Sometimes I get scared about writing publicly about my marriage (okay well to the maybe two of you who might read my blog, but that’s still a lot to me) because it’s so sacred. Before I was married, I always knew marriage was sacred, and I think I even knew why it was so sacred, but I didn’t fully understand just how sacred it really was, and how much you have to do to protect it. Marriage is both the easiest and hardest thing I’ve ever done. Everything is exacerbated in that everything you do affects another human being’s life so intimately and the until death do us part side of things also adds to that intensity. And yet, marriage is so freeing and beautiful, so easy. I am entirely myself with my husband, feel entirely safe next to him and being married to him is simply so much fun.
We’ve been married for exactly a year and a half, to the day. That is such a crazy thought to me! I spent 27 years of my life unmarried, and now here I am married and it’s only the beginning and yet it already feels like I’ve known my husband forever. How did that happen?
I’m a huge self-help book junkie, so much so that in the past month I’ve had two individuals come up to me and ask if I could specifically recommend some self-help books to them (ha!). The one I’m reading right now is called “Keep Your Love On!” by Danny Silk and both the title and the cover image are uber cheesy but this book is incredible. It’s a religious one, but not overly religious and I would recommend it to anyone whether they’re religious or not. There’s so much you can learn from it. The part I’ve been thinking about this past week went something like this:
1. It’s my job to control myself. I do not get to control other people.
2. My number-one goal and priority in relationships is building and protecting connection.
My husband and I are really great at fighting, and I share this while laughing at the same time, because one, it’s true, and two, I never thought it would be true and yet here we are. The thing that’s great about fighting is that it means two people are standing up for themselves and what they believe in, even if it’s hard. In my past relationships, my exes and I didn’t fight at all and guess what? It’s because I never stood up for myself and was always lying about how I felt. It ended up making things worse and thus we broke up. With my husband, we are entirely ourselves, 100% of the time, and while this is one of those freeing aspects I described above, somedays it can make things hard, causing us to get into arguments.
I’ve read it over and over again, communication is the key to lasting relationships, but I don’t entirely agree. It doesn’t matter how great you are at communicating, life is still going to happen and things are going to come up that cause tension. The key to getting through hard times isn’t about proper communication, the key is about remembering your connection, and that means letting stuff go, even without a resolution.
This means that my love for my husband and my priority of connecting with my husband are more important than who is right and who is wrong. It means connecting with my husband and protecting our love and connection is more important than coming to a conclusion or settling a matter. It most definitely means that we will probably agree to disagree (and not with pride but with acceptance!), because often it’s not about what the issue is, it’s about how we will choose to get through the issue together. That how being us choosing to connect, rather than continuing to debate an issue.

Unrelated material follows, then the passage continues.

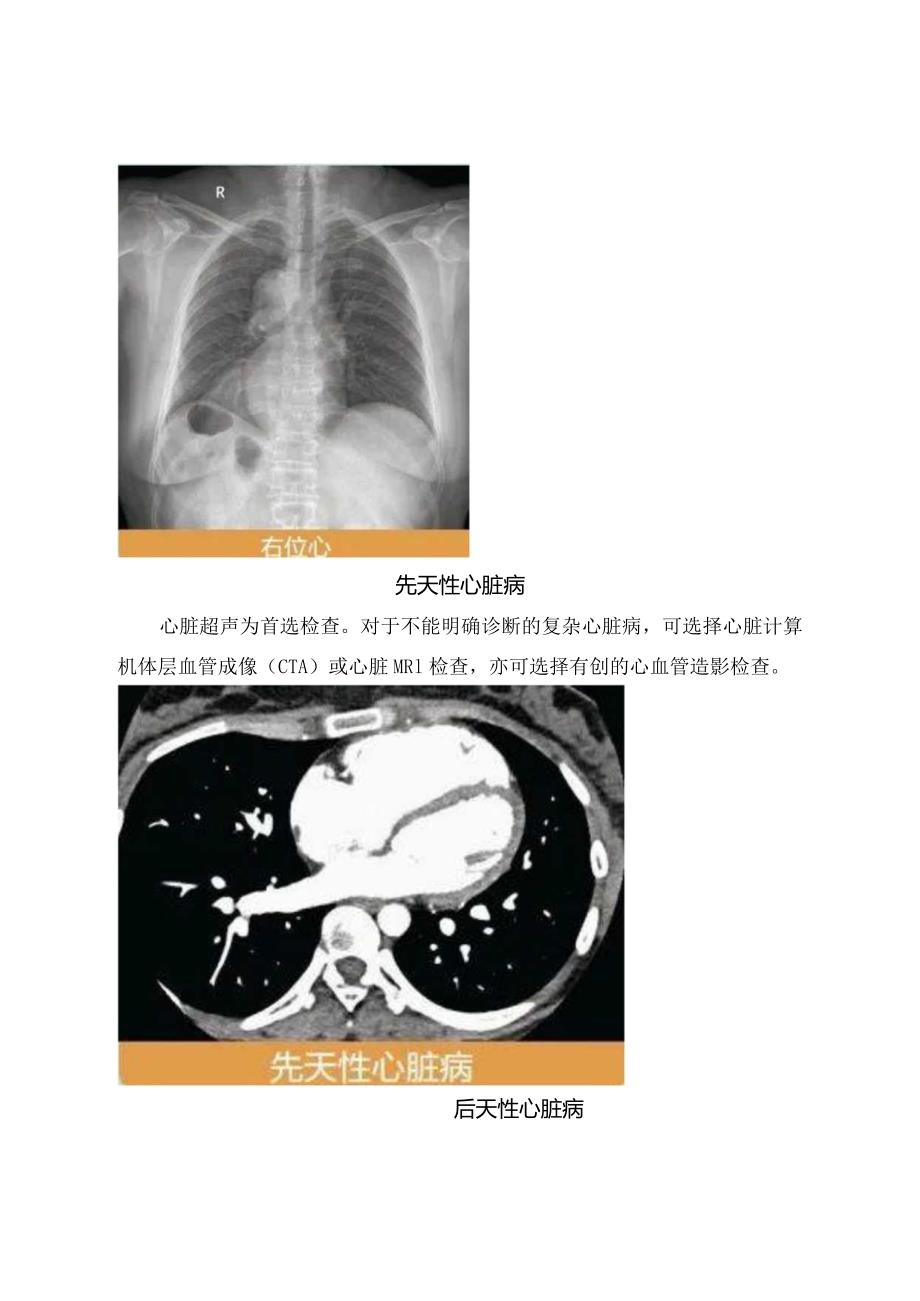 先天性心脏、大血管位置和连接异常、先天性心脏病、后天性心脏病、心包疾病、大血管病变等循环系统病变影像学检查选择要点.docx_第2页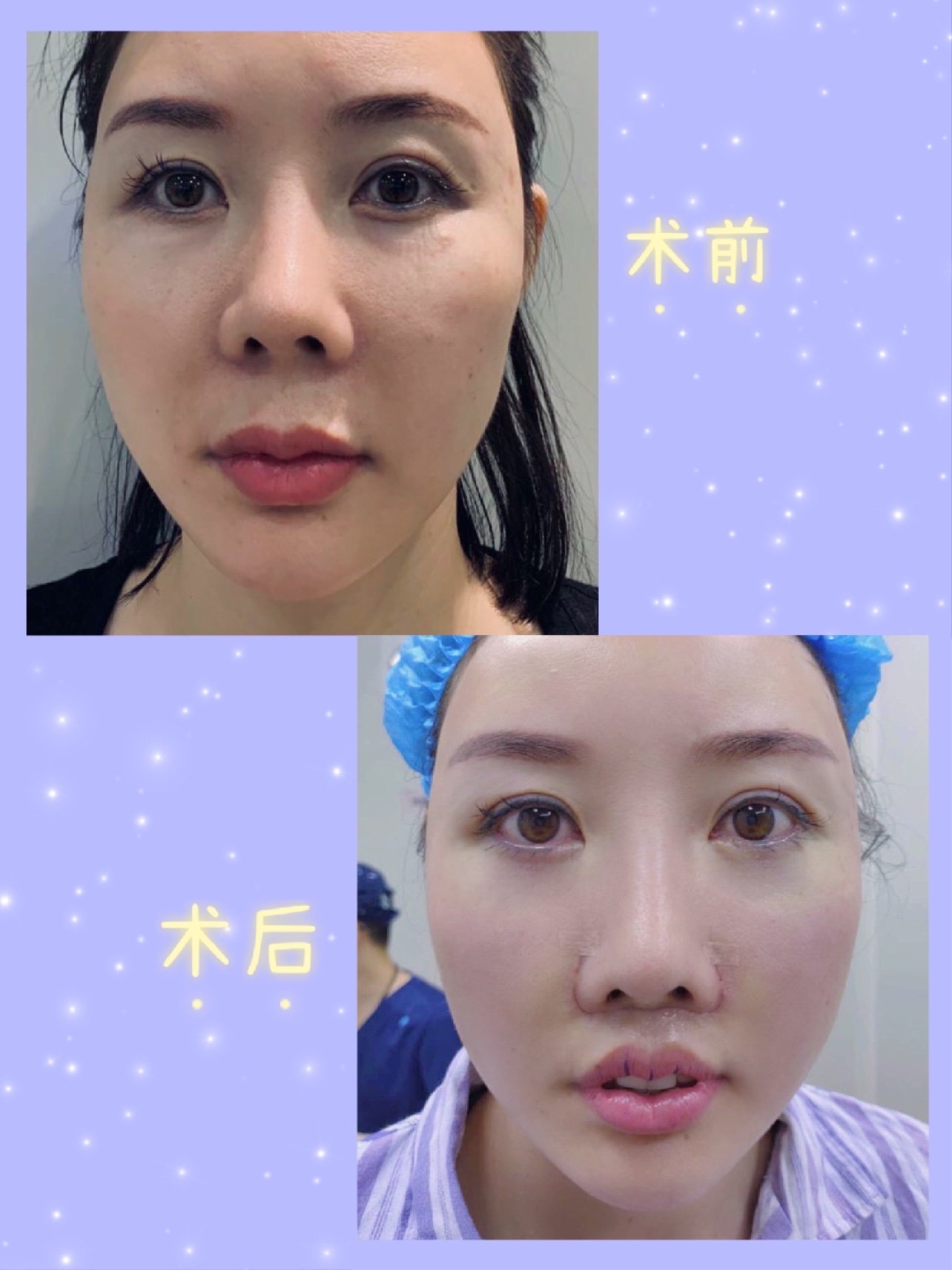 我的人中特别长,而且完全没有人中沟,显得年纪大老气_圈子-新氧美容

Pride so often gets in the way and I can’t tell you how many times we’ve been arguing when we both realize we don’t even know why we are arguing, we’re just being stubborn and prideful. This pride often blocks my ability to love my husband and show him that he is my priority, not the dishes, or bills, or health concerns, or whatever. It’s him and I, together, that matter. One night, instead of continuing to argue, I told my husband that building and protecting our connection is more important to me (cheesy, I know, but you should have seen his face light up). He’s told me the same thing a few times during heated discussions. Almost instantly, the problem dissolves and we’re back to focusing on what really matters: our love and connection.
This part of the book was so beautiful, too:
Each display of love, no matter how seemingly small, is a powerful act of spiritual warfare that removes anxiety from the environment, replaces it with freedom and safety, and invites each person to bring his or her best self forward in a relationship.
Religious or not, I really do believe that love is a spiritual connection. It’s something that we cannot necessarily see but instead, we feel it intensely. Love is sometimes not even something we feel, but something we choose, much like faith. It binds people together with a belief in something greater, Love. I’m reminded of all the times my husband has shown me small bits of love, and how much they’ve meant to me. The big bits of love obviously mean a lot, but the small bits are almost more meaningful. They show me that he cares despite everything else going on. He remembers me. He chooses me. He loves me. I’m reminded of how those tiny acts of love and kindness have drowned out my self-doubt or insecurities. It doesn’t take much to fill someone’s cup. It can be small, but the consistency of these small amounts of love add up.
So that is that. I cannot control my husband, or anyone else, but I can control myself and how I react, and I can choose to react in protecting and building my connection with my husband, and those else around me.
The past 548 days of marriage have been the best days of my entire life (even the feminist side of me agrees). I have learned so much in the past year and a half and I just feel so grateful for it all. I know life is a rollercoaster and we’ve barely dipped our toes into marriage. Thus, I don’t have a conclusion, just snippets of what I’ve learned through this journey so far. A journey I am so blessed and excited to be on.